Showing posts with label strangers. Show all posts
Showing posts with label strangers. Show all posts

Tuesday, January 27, 2009

How To Decline A High Five? This Is A Question.


So the other week I was in Kildare's Irish Pub in West Chester and there was a derelict sitting at the bar. He would say something to every staff member or patron that walked by. He even caught a glimpse of me - seven bar stools down yelled, "What's up man?"

And worst of all, he'd have to high five every other person.

Unless I know the person AND something really great just happened like a touchdown or an old person slipped ice, I don't like to high five people. Is there anyway to decline a high five other than looking at their raised hand and saying,

"No thanks. I'm uh....just not as excited as you are now. Just...um...move onto the next person."

I think from now on when people try to high five me, I'm going to do the old, "Got your nose thing that you do with kids. And when they're standing there saying, "C'mon! High five man!", I'm going to calmly say, "I'm afraid I can't do that because I've got you nose."

It'll make no sense but it'll make me feel better.

Monday, January 26, 2009

Farting and Why I'm Such a Great Friend. The Elevator Story.



So Michelle wrote about farting in elevators today and it reminded me of something that happened years ago in Baltimore.

So we're staying at Inner Harbor with about 10 guys for our annual guys weekend. And my friend Flare had been farting* really bad. I'm talking clear the room, what crawled up you ass and died farting.

So the 10 of us are waiting for the elevator. He had just farted in the room - again - and we're still laughing about it. So the elevator door opens and it's almost completely full. Flare steps in and there's only room for one. The doors start to close. As the doors are almost shut and I point to Flare and say to the people in the elevator, "HE FARTED."

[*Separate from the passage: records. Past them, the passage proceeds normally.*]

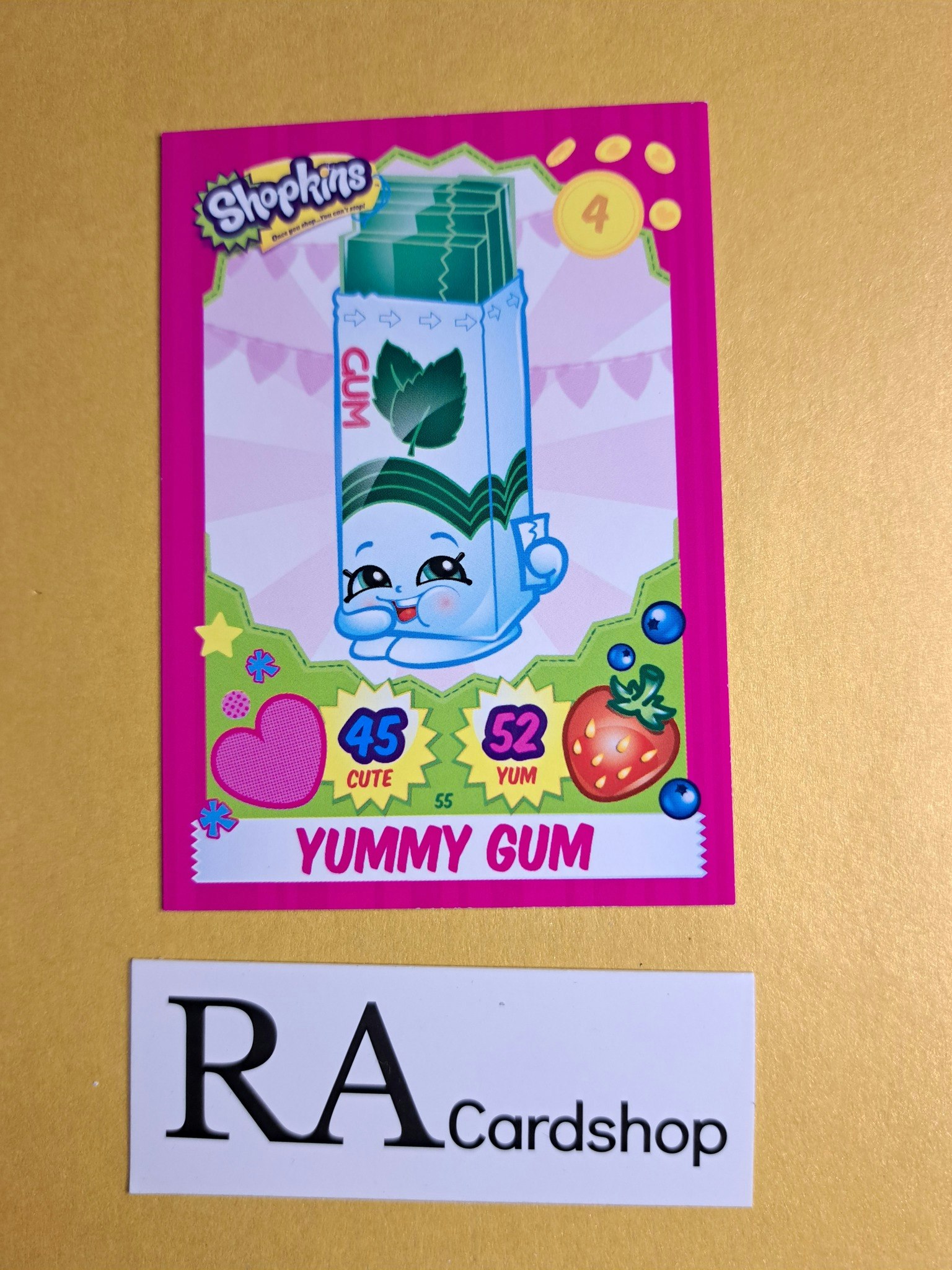 #55 Yummy Gum Shopkins 2013 Topps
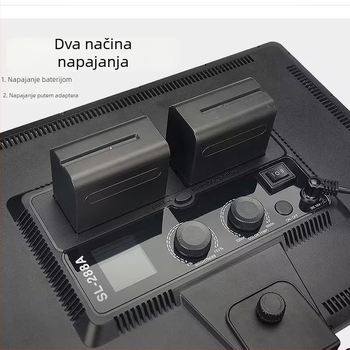 SL-288A 40W LED rasvjeta za dopunjavanje, dvostruka temperatura svjetla, sklopiva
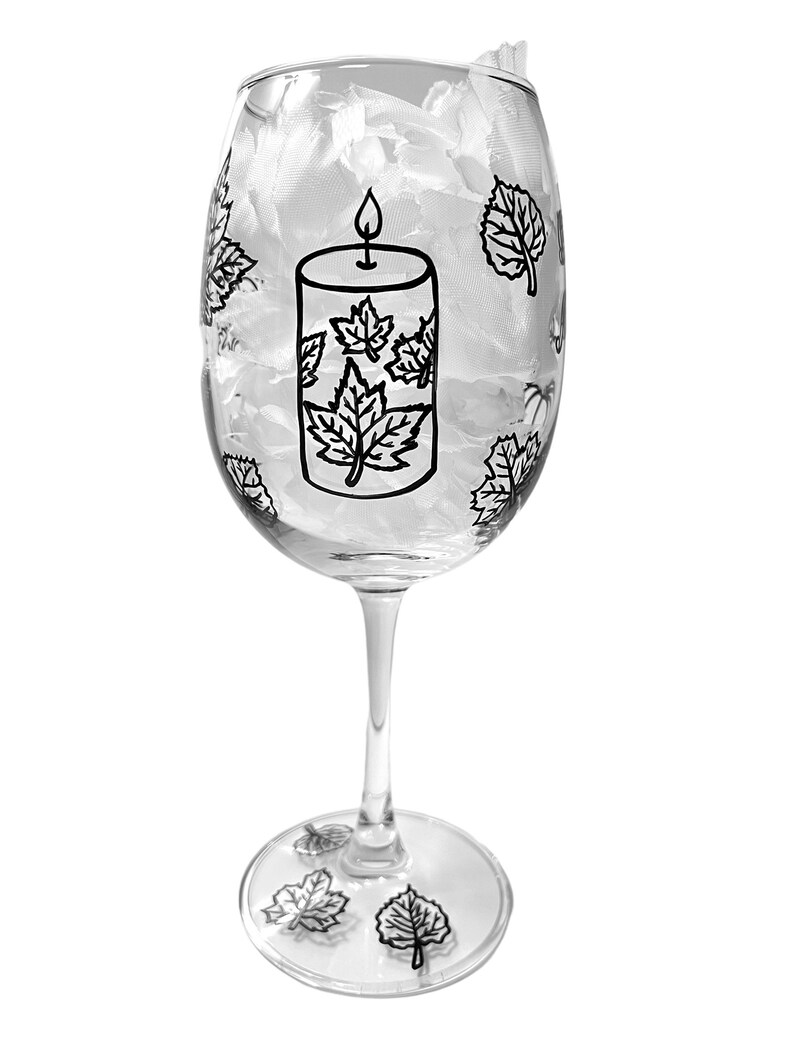 Autumn Holiday Wine Glass Painting Kit / Holiday / Fall / Etsy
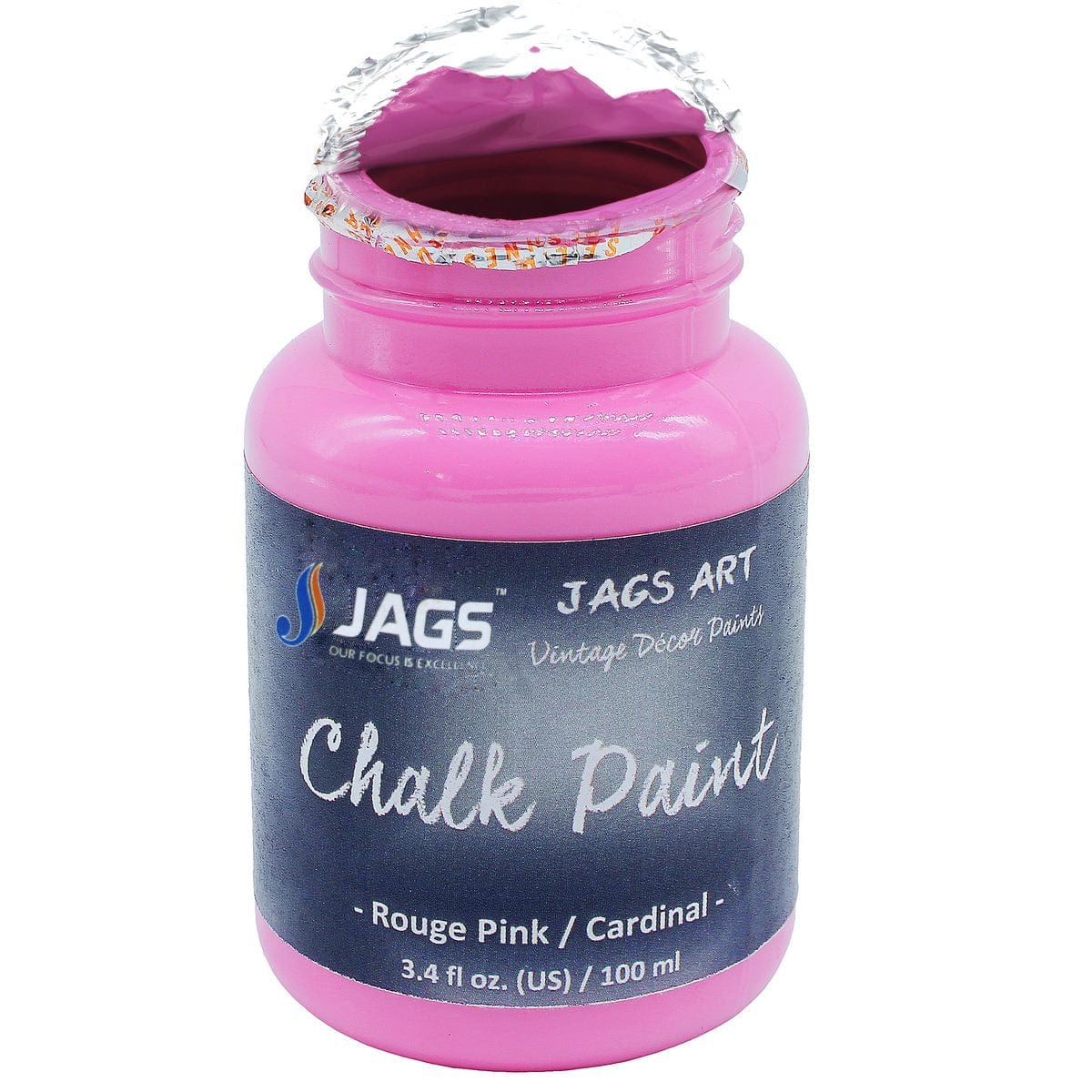 jags-mumbai Chalk Paint Jags Art Chalk Paint 4.4Oz 125ML Cardinal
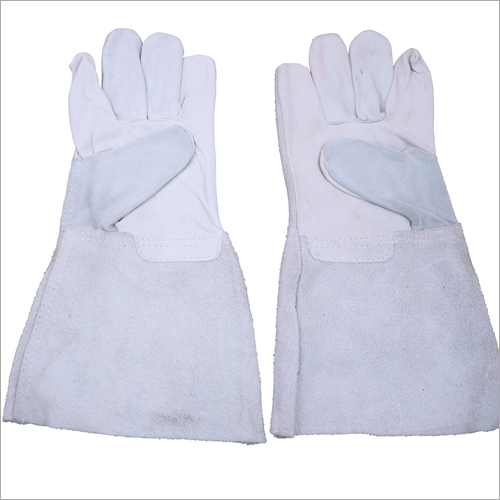 14 Inches Chrome Leather Hand Gloves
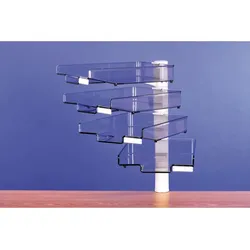 Turm mit 4 Paletten, schwarz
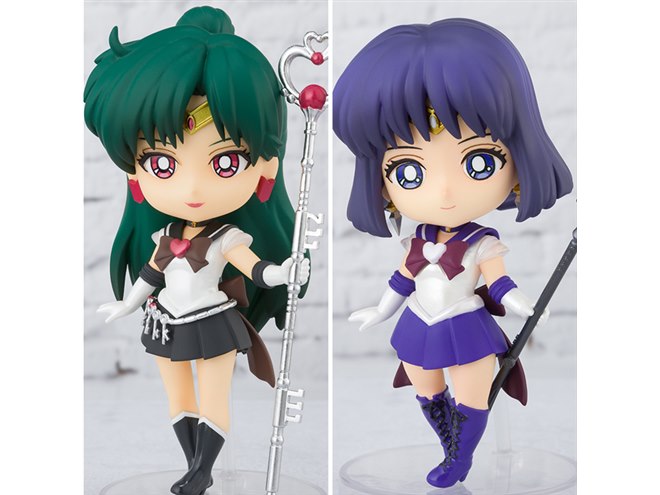 手のひらサイズの「Figuarts mini スーパーセーラープルート/サターン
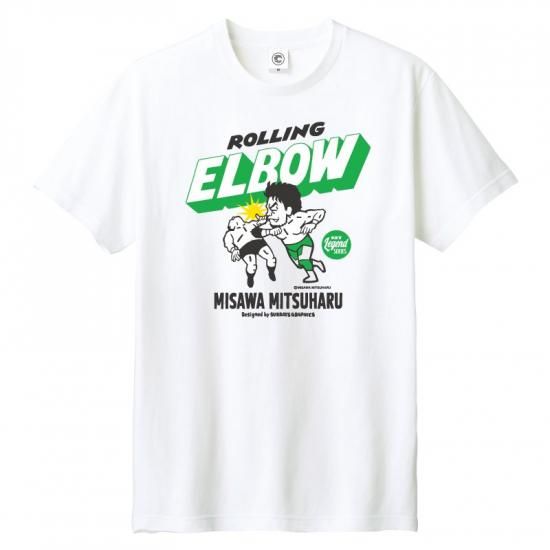 三沢光晴 ローリングエルボー コットンTシャツ ホワイト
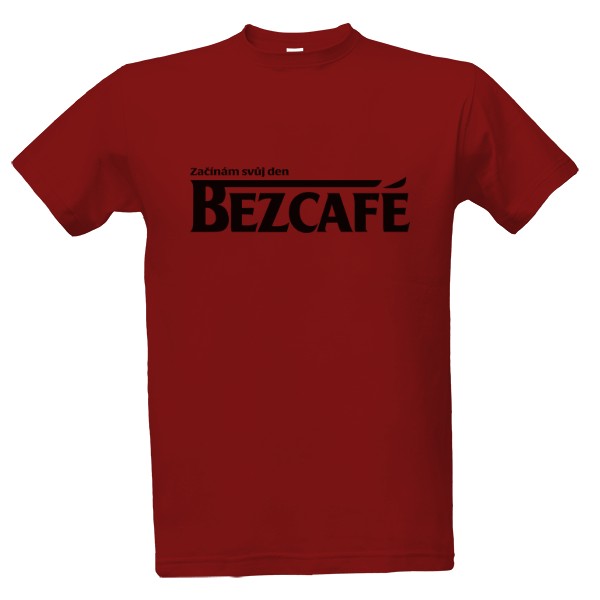 Tričko s potiskem Bezcafé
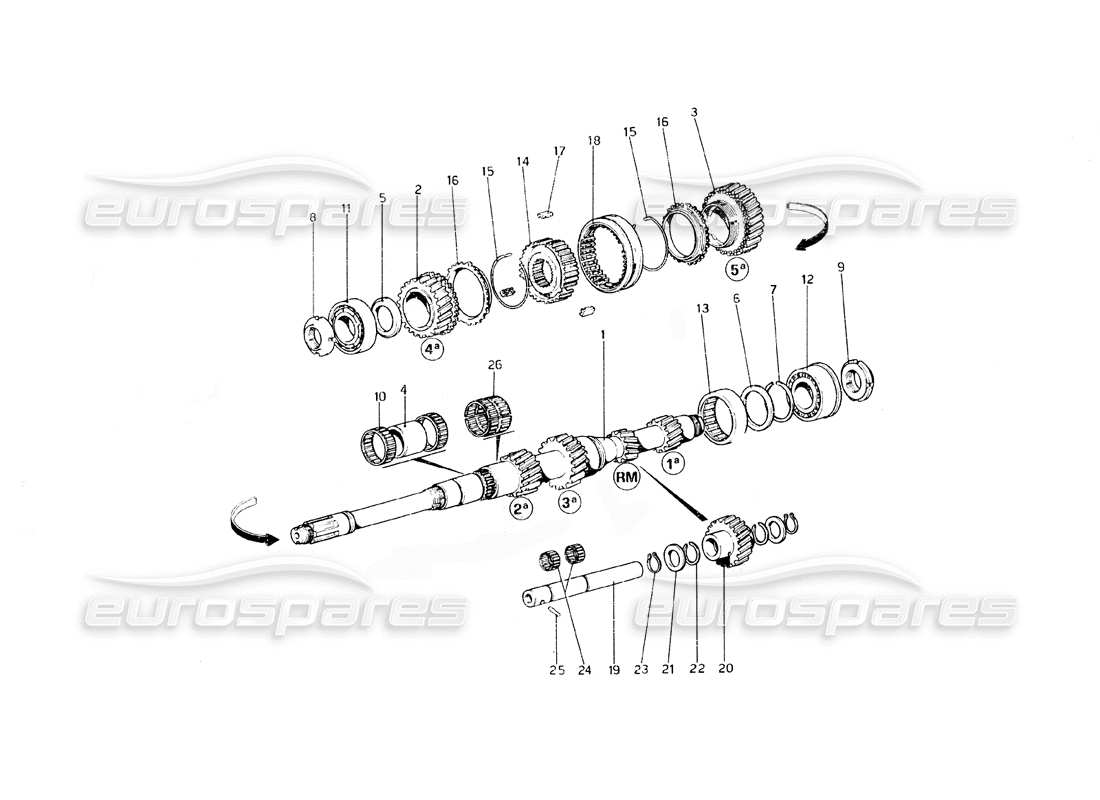 a part diagram from the Ferrari 308 GT4 Dino (1979) parts catalogue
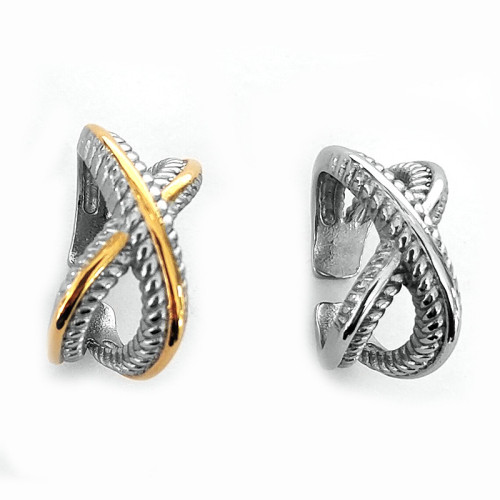 Stainless Steel Retro Cross Female Ring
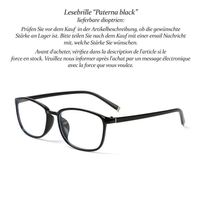 Lesebrille Paterna black +1.5 +2.0 +3.0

This made me laugh so hard because when the doors are shut, you can't turn around to the strangers in the elevator and say, "You see that's a buddy of mine, we're on a guy's weekend and we're just joking around here and........"

No. You just have to stand there like a dope and take the humiliation.

*For the record, this is the first post I've ever done about farting and I've been blogging over two years.